Authors: Yang Jin, Zhicheng Sun, Kun Xu, Kun Xu, Liwei Chen, Hao Jiang, Quzhe Huang, Chengru Song, Yuliang Liu, Di Zhang, Yang Song, Kun Gai, Yadong Mu

ICML 2024 | Conference PDF | Archive PDF | Plain Text | LLM Run Details

Reproducibility Variable Result LLM Response
Research Type Experimental Our proposed framework is both capable of comprehending and generating image and video content, as demonstrated by its competitive performance across 13 multimodal benchmarks in image and video understanding and generation.
Researcher Affiliation Collaboration 1Peking University, China 2Kuaishou Technology, China.
Pseudocode No The paper does not contain structured pseudocode or algorithm blocks. It provides diagrams for the model architecture and training pipeline but no algorithmic steps in pseudocode format.
Open Source Code Yes Our code and models are available at https://video-lavit.github.io.

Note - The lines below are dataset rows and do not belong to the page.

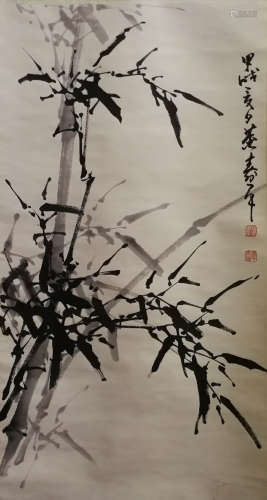 A CHINESE BAMBOO INK PAINTING SCROLL DONG SHOUPING MARK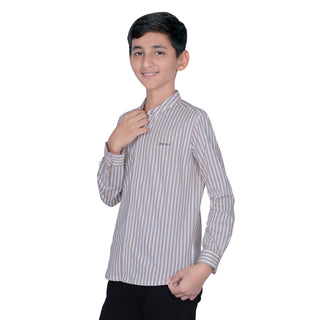 BOYS LINING BEIGE COTTON SHIRT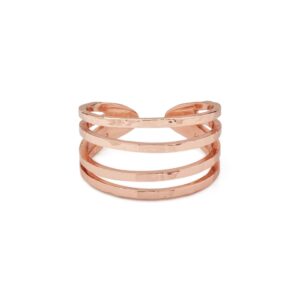 pura vida rose gold plated pacifica ring w/open ends - brass base, stackable band - size 6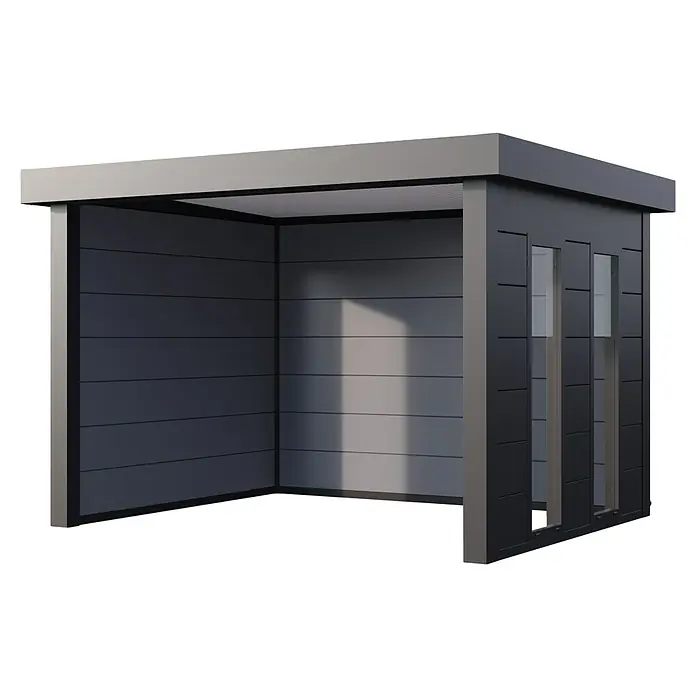 Telluria Pavillon Singolo 3630 inkl. Elektro-Set - Außenmaß inkl. Dachüberstand (B x T): 388 x 328 cm, Stahl, Anthrazit, Inkl. Innenwandverkleidung, Elektro-Set & 2 Fenster - Eine moderne, graue Terrassenüberdachung mit horizontalen Paneelen und schlanken Fensteröffnungen, die Schutz und Stil vereint.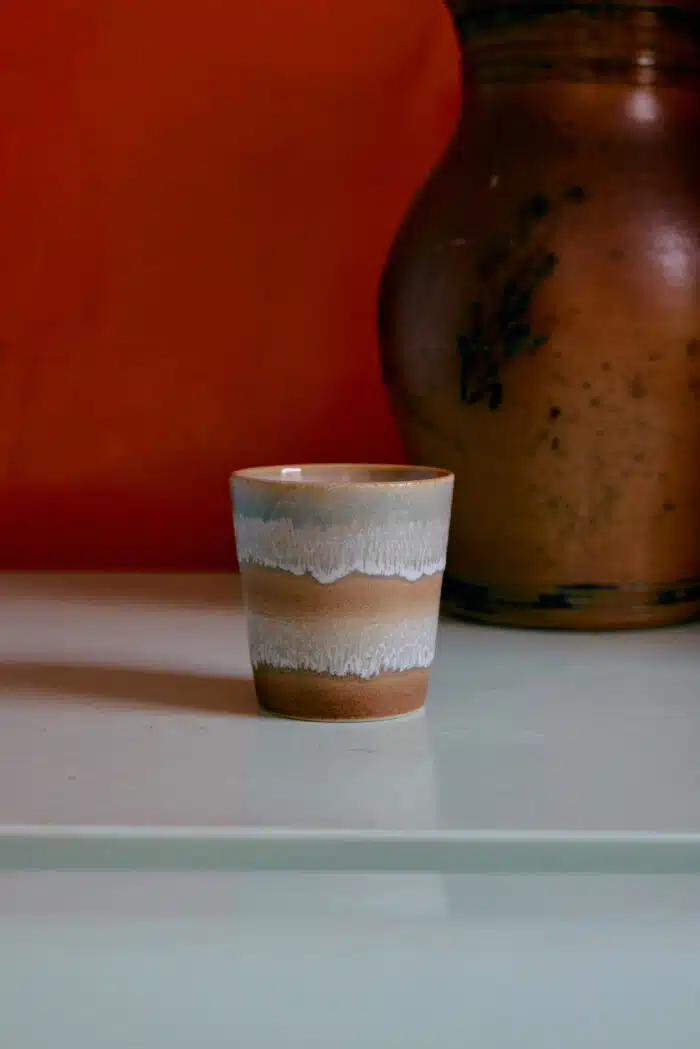 70's Ceramic Mugs Pop Art set/4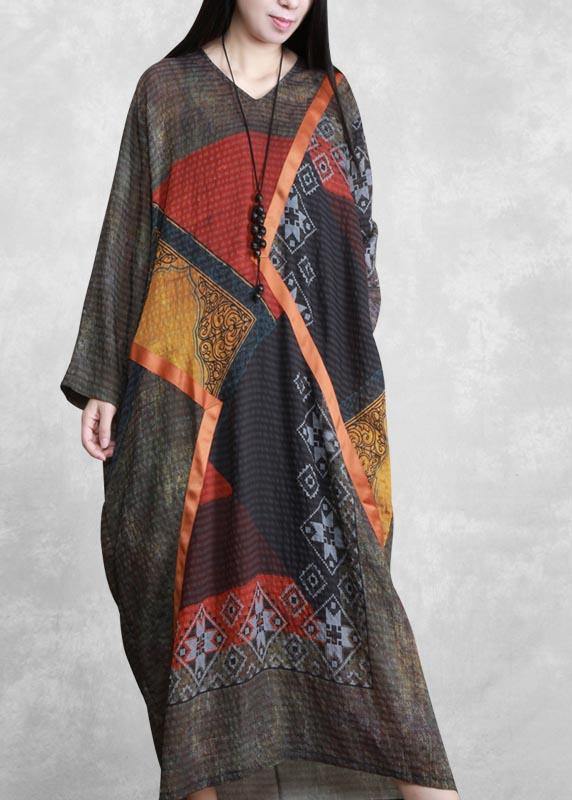 V Neck Patchwork Spring Long Neckline Red Print Robe Dress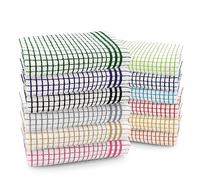 Velosso Large Checkered Chunky Kitchen Tea Towel Bundle Set Quality Cotton Soft and Absorbent Dish Towels, Tea Towels with Embroidery (Assorted, 12 Pack)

Open Datasets Yes The training dataset used by Video-La VIT only consists of publicly available image and video datasets. In the following, we present a detailed elaboration of the dataset usage at each training stage. Stage 1: The video tokenizer and detokenizer are trained on the Web Vid-10M (Bain et al., 2021)... Stage 2: The language model is pre-trained on a mixture of video, image and text data, including Web Vid-10M (Bain et al., 2021); 93M samples from Conceptual Caption (Sharma et al., 2018; Changpinyo et al., 2021), SBU (Ordonez et al., 2011), and BLIP-Capfilt (Li et al., 2022). Moreover, we also employ the English text corpus from Red Pajama (Together Computer, 2023)...
Dataset Splits Yes We adopt the validation set of MS-COCO (Lin et al., 2014) and randomly select 30K samples.
Hardware Specification Yes GPU Usage 128 NVIDIA A100 64 NVIDIA A100 64 NVIDIA A100
Software Dependencies No The paper mentions software frameworks like 'Megatron' and 'Deep Speed' and optimizers like 'Adam W', but does not provide specific version numbers for these or other key software components such as programming languages or libraries.
Experiment Setup Yes The detailed training hyper-parameter settings for the video tokenizer, detokenizer, and language model in Video-La VIT are reported in Table 8. Table 8 explicitly lists hyperparameters such as 'Global batch size 2048', 'Peak learning rate of LLM 2e-5', 'Training Steps 30K', and 'Weight decay 0.1'.